Whenever I read an article that says, "we're going to run out of [ insert your favorite commodity ]!" I am reminded of the Club of Rome. JP fails to give enough credit to the ability of a global economy to shift productive resources. To claim that aluminum, of all metals, is in short supply is preposterous. While I'll concede that refining aluminum is more energy-intensive than is iron, aluminum's abundance is 60% higher than iron's.

JP's comparison of metals price volatility to that of oil's fails to ask a relevant question: what fraction of lifetime ownership cost is subject to these variations? The cost of the bulk copper in a Model S can't be more than, what, $300? So a doubling of copper prices would add, what, another $300? I spend about $2,400/year on gasoline for one car, so the NPV of my gas expense over 10 years is about $18,600. So a one percent increase in the price of gasoline has a similar financial impact to a 100% increase in the price of copper.

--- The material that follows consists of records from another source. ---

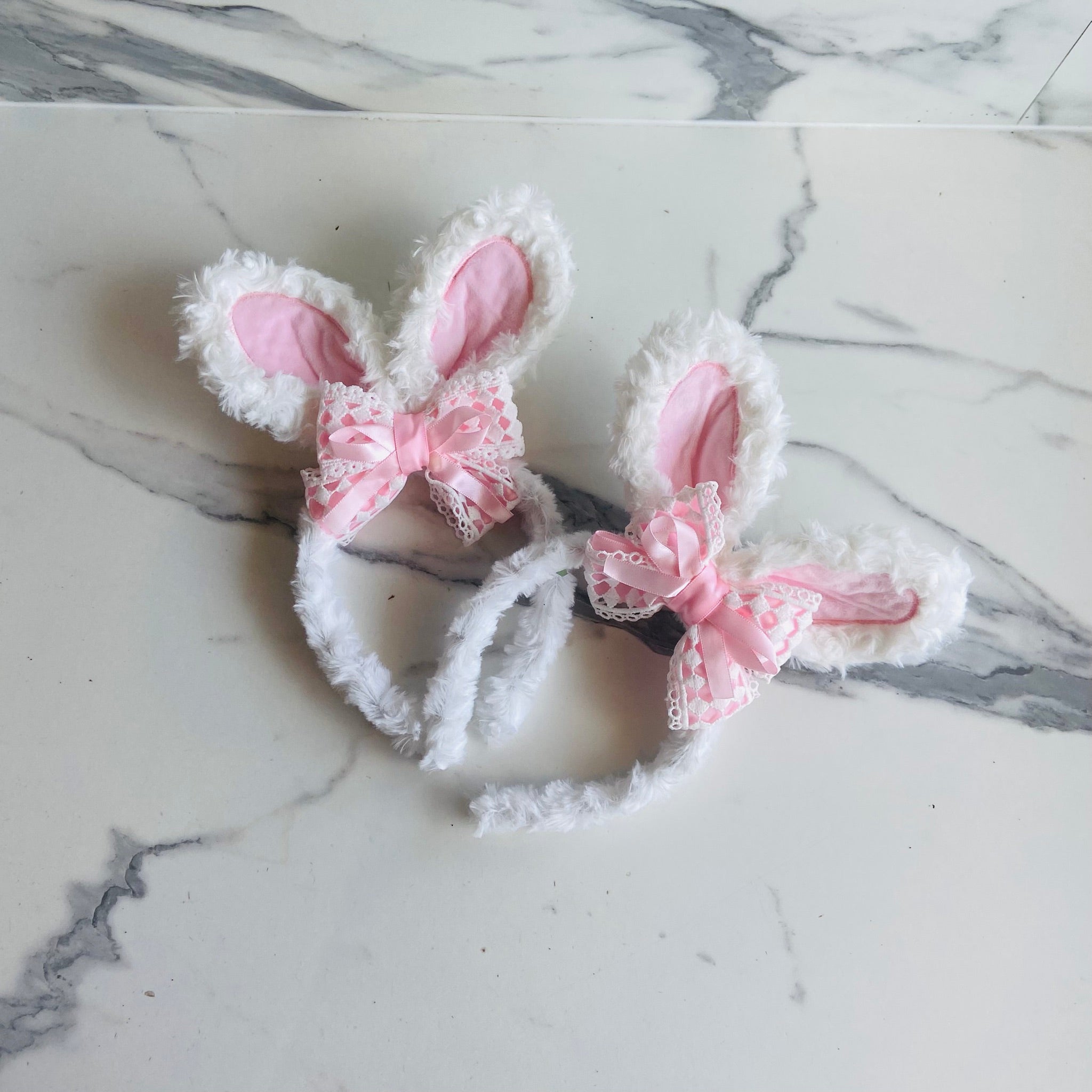 Pink Lace & Bow Bunny Headband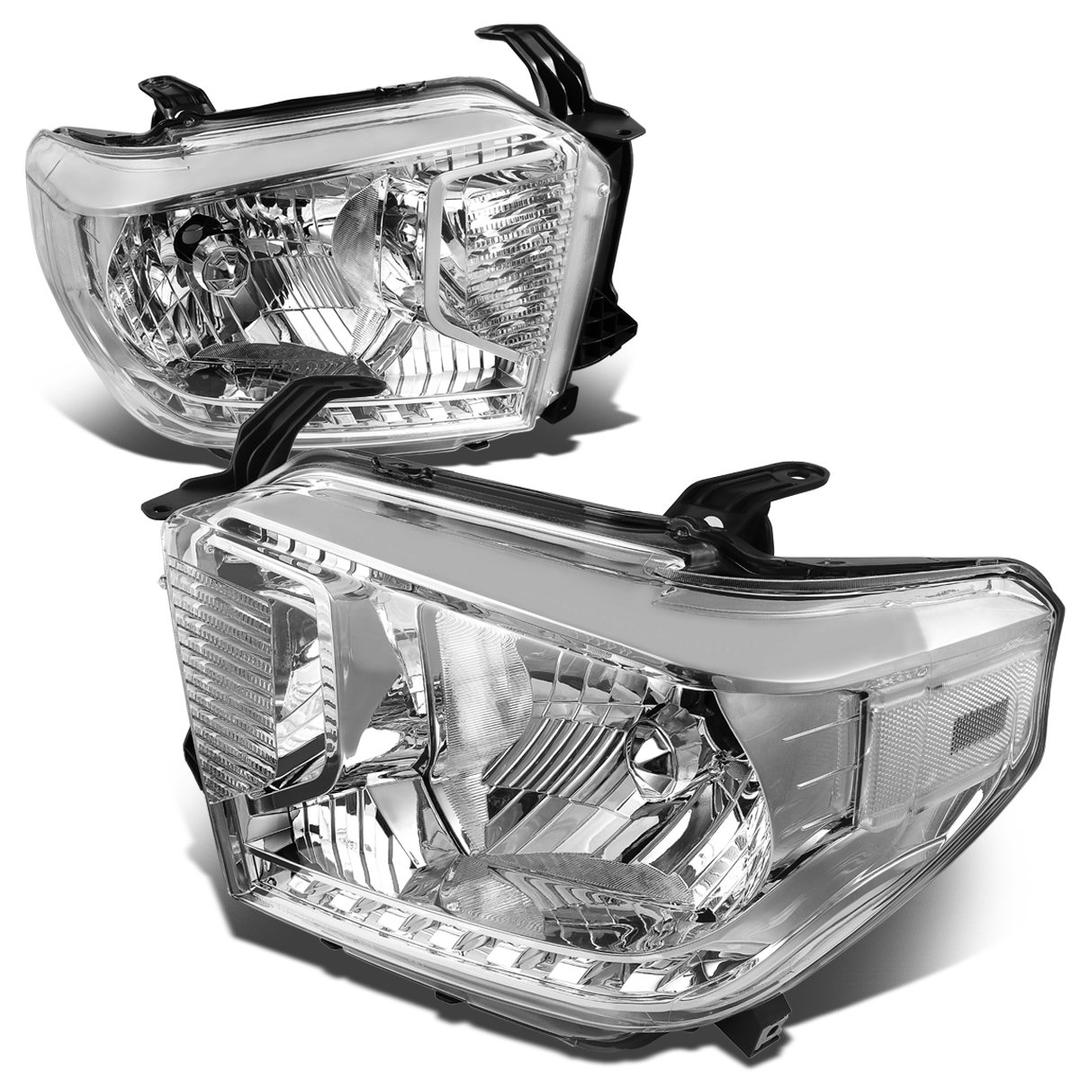 Auto Dynasty Halogen Model Factory Style Headlights Assembly Compatible with Toyota Tundra 2014-2021, Driver and Passenger Side, Chrome Housing Clear Corner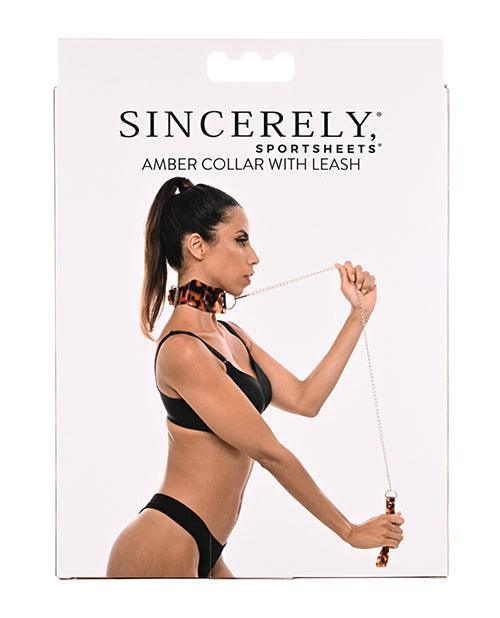 image of product,Sincerely Amber Collar & Leash - SEXYEONE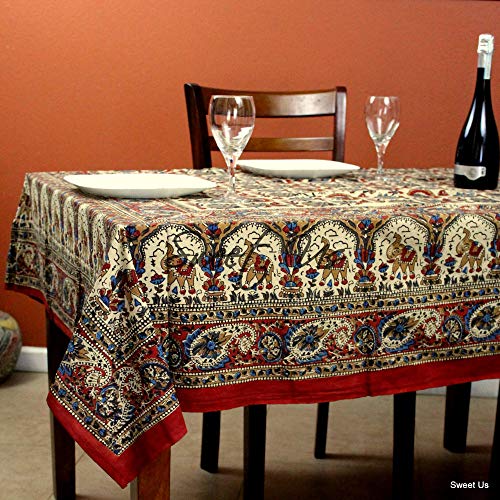 Sweet Us Block Print Tablecloth For Rectangle Tables 70X102 Beige Gold Red Blue Black Floral Paisley Elephant Cotton Kitchen, Dining Linen #TOP7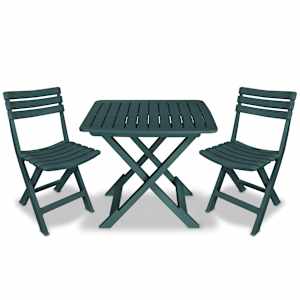 3dílný skládací bistro set plastový zelený - obrázek 1
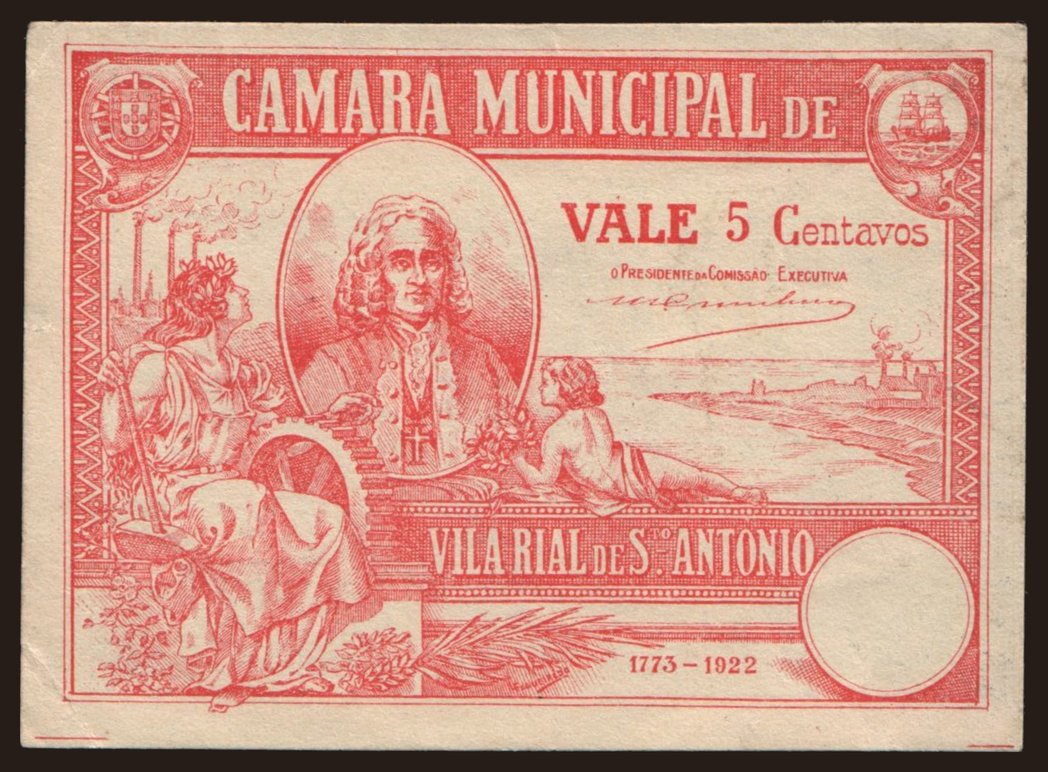 Vila Rial de St. Antonio, 5 centavos, 1922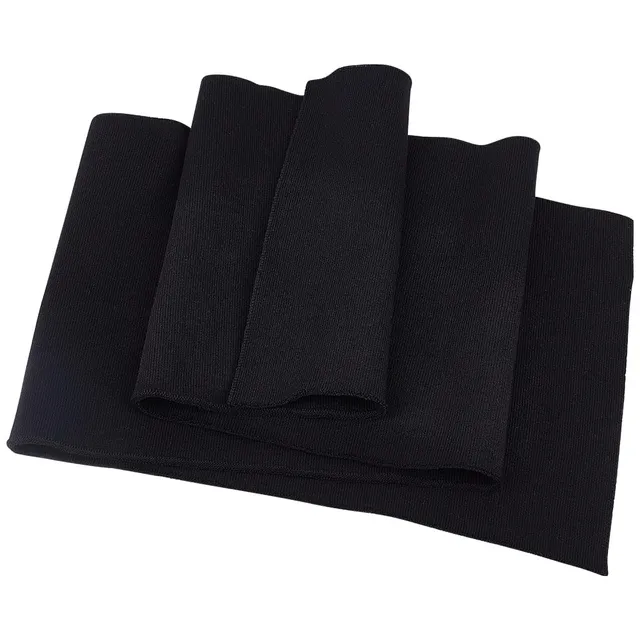 BENECREAT Tissu Côtelé Noir 100x20 cm Bord-Côte Polyester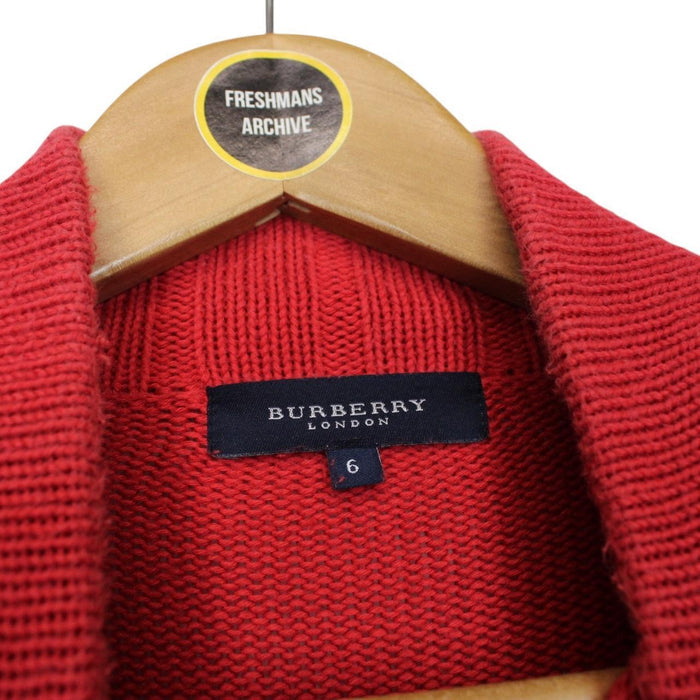 Vintage Burberry London Red Cotton Knit 1/4 Zip Jumper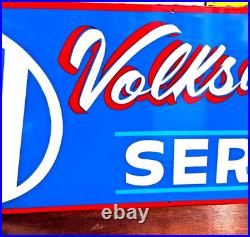 36 Hand Painted Vintage Volkswagen SERVICE SIGN VW Bug CAR Gas Oil Dealership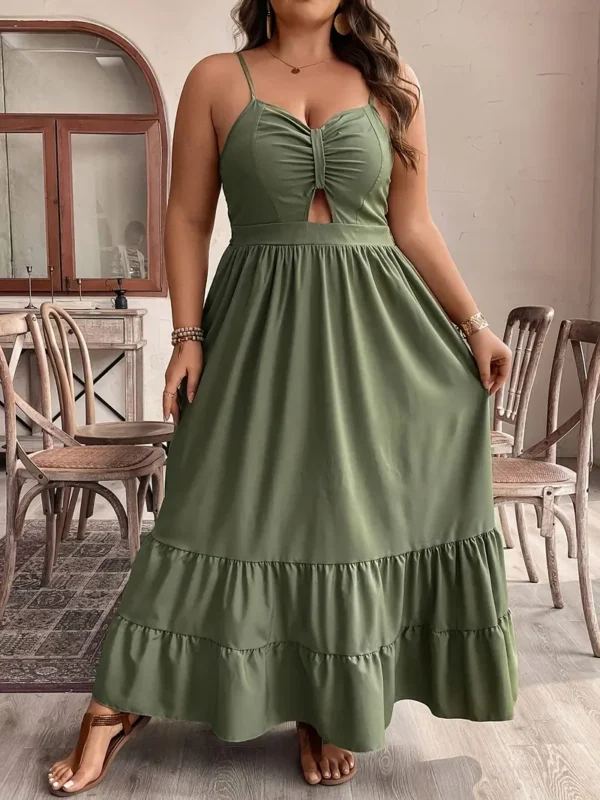 Robe longue élégante en polyester grande taille, Bretelles spaghetti froncées, plis sur la poitrine, ourlet à volants, couleur unie, tissu non extensible, robe ajustée et évasée toutes saisons - Image 15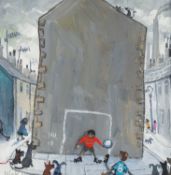 ‡ NICK HOLLY oil on card - entitled, 'The Goalkeeper', signed, 21 x 21cms Provenance: private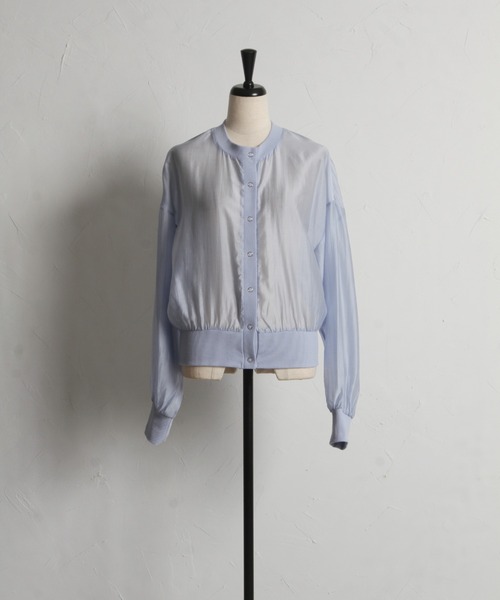 tocco closet(トッコ クローゼット)の「シアーブルゾン風カーディガン(カーディガン/ボレロ・レディース・ブルー/イエロー/オフホワイト/ブラック・M)」の19枚目の写真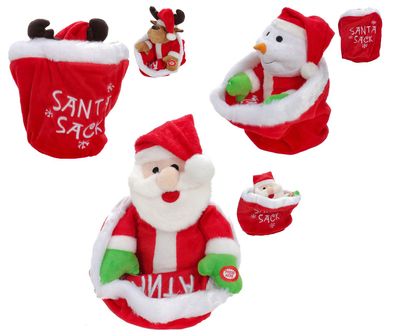 Weihnachtssack mit Jingle Bells Musik, Weihnachtsfigur die auf Knopfdruck über 30 ...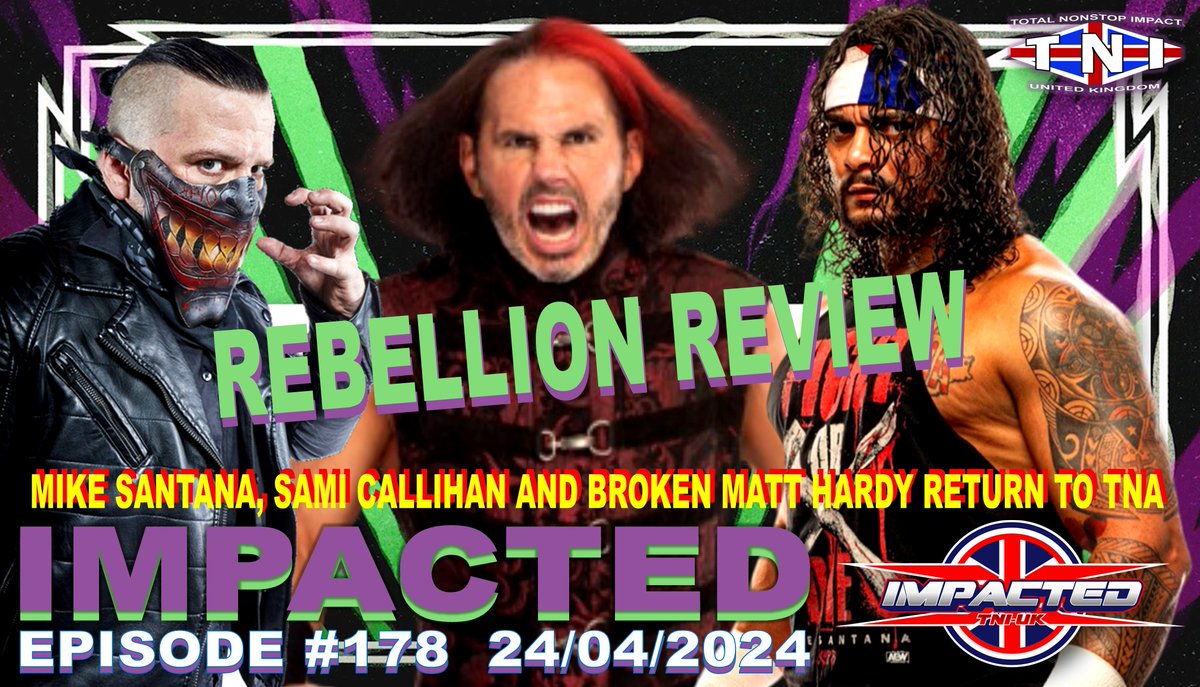 #TotalNonstopIMPACT #TNIUK #IMPACTED #REBELLION Review.
From surprise returns, celebrity appearances & another event stacked w/ banger after banger matches. We Review #TNARebellion 6pm UK 12pm/1pm Central/Eastern US

Live via YouTube & Twitch @WeTalkImpact
youtube.com/live/f8C8vl7yL…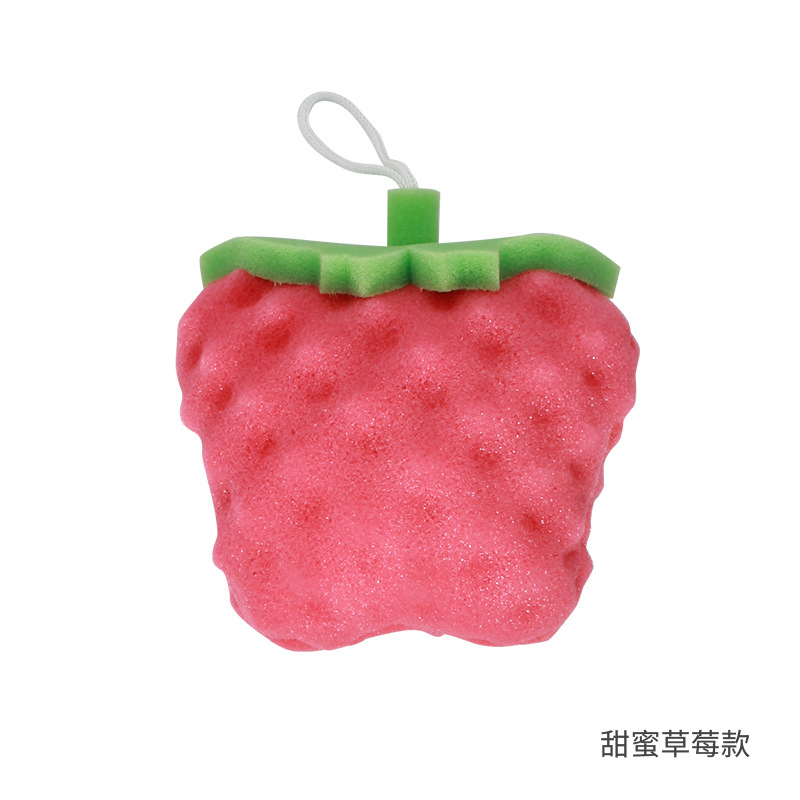 Rainbow Sponge Loofah Body Scrubber with Ribbon Loop for Shower
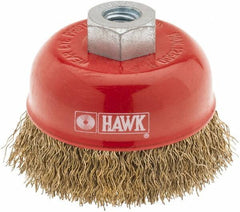 Value Collection - 2-5/8" Diam, M10x1.50 Threaded Arbor, Steel Fill Cup Brush - 0.012 Wire Diam, 12,500 Max RPM - Exact Tool & Supply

Another question that JP fails to assess is what increase (if any) there is in the use of various elements between an ICE vehicle and an EV. We've discussed this before -- high-end ICE cars use more aluminum than cars did historically, and ICE vehicles use valuable rare earths in catalytic converters. JP still declines to acknowledge that Tesla uses no rare earths in its motor.

But even if EVs use more of some elements, will the global economy not be able to handle the extra demand? Let's suppose that each EV uses 100 pounds of copper, incremental to copper in an EV. (This is a completely made up number, but is probably conservatively high.) If so, then Tesla's annual production in 2013 would use about 1000 tons of copper, or about 0.006% of the world's copper production. If 2 million EVs, each using 100 extra pounds of copper, were sold each year, that would use 0.6% of the world's annual copper production. Why exactly is this going to collapse the world's non-ferrous metals market?

Lithium ore is not particularly scarce, and it has few other industrial uses. Aluminum ore is abundant. Phosphorous is plentiful and cheap. So what exactly is JP worried about?

I have decided, btw, to "stop feeding the pigeons", so I don't bother to post replies to JP anymore.